> _STORED DATA_
--- START ---
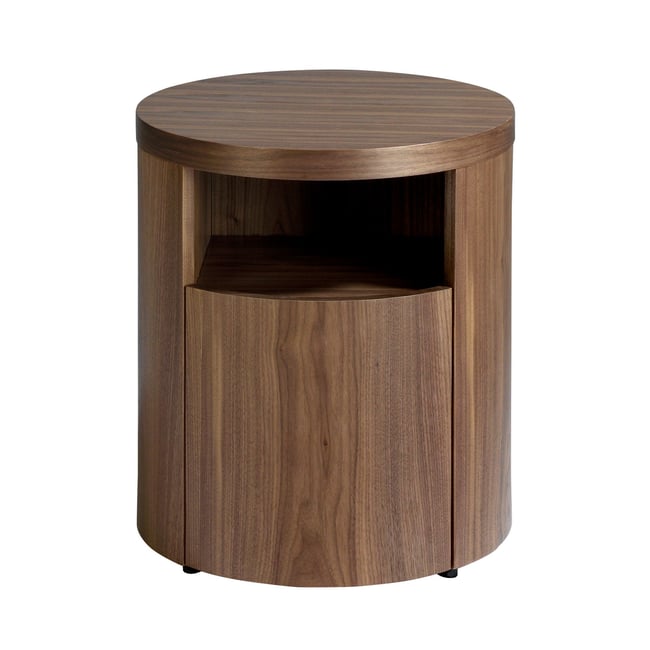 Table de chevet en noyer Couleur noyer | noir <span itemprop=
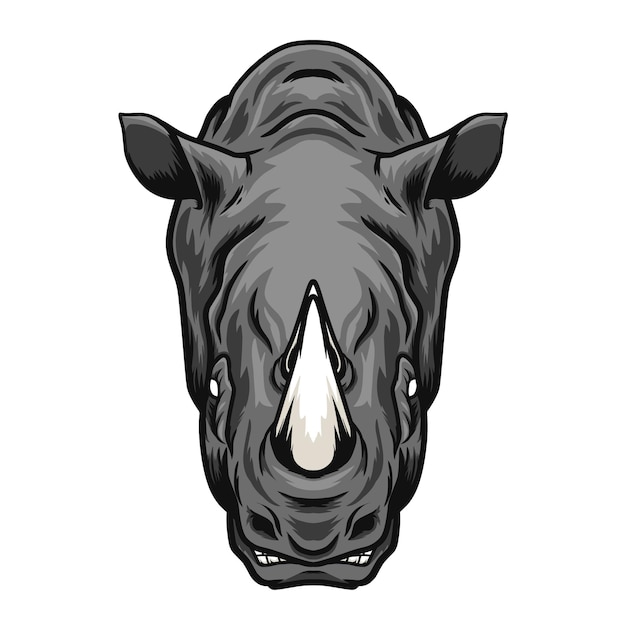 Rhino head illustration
--- END ---
--- START ---
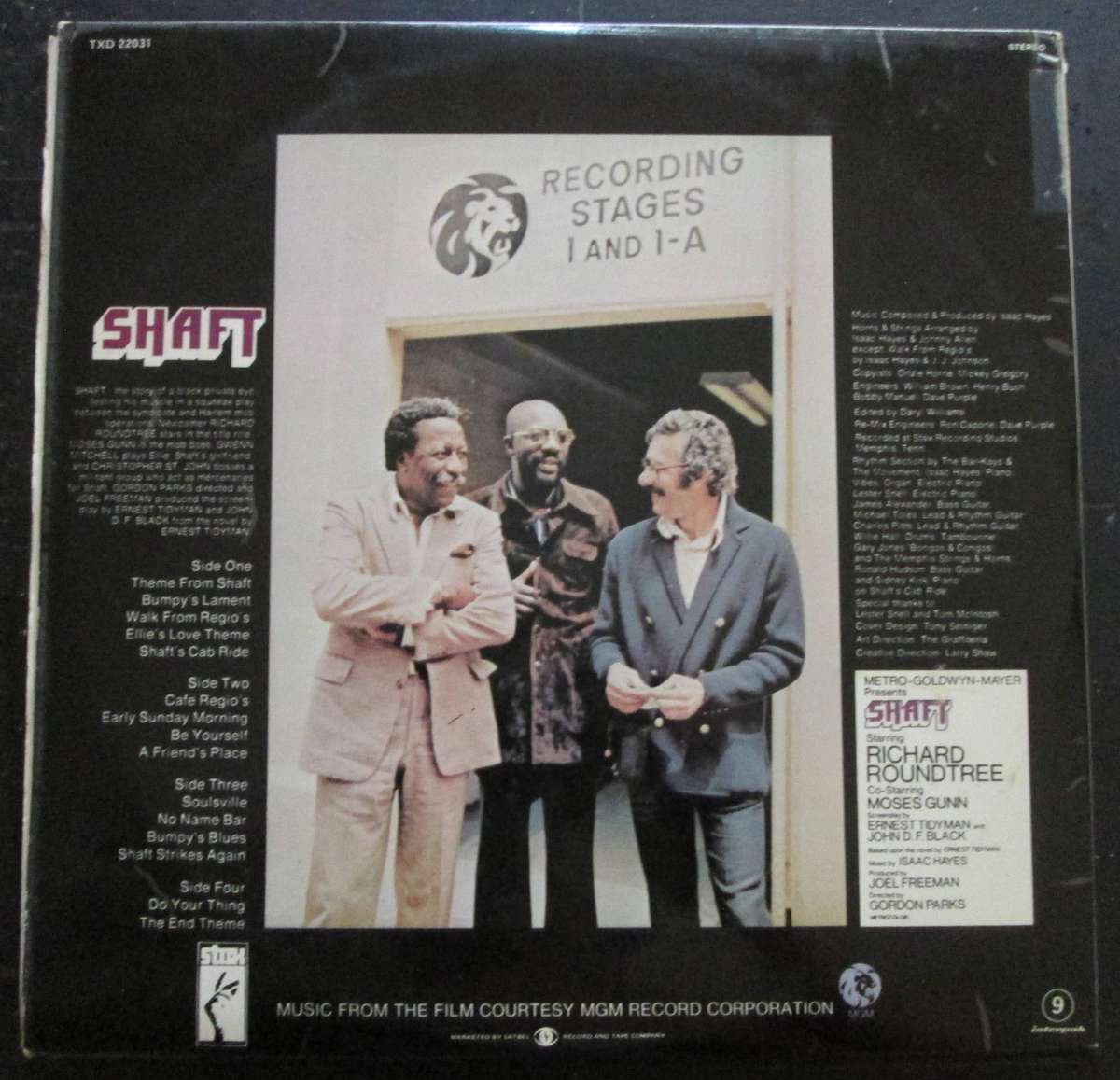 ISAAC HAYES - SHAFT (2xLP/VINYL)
--- END ---
From the line containing "Table de chevet" through the line containing "Rhino head illustration", copy every line above exactly, without pictures.

 Table de chevet en noyer Couleur noyer | noir <span itemprop=
 Rhino head illustration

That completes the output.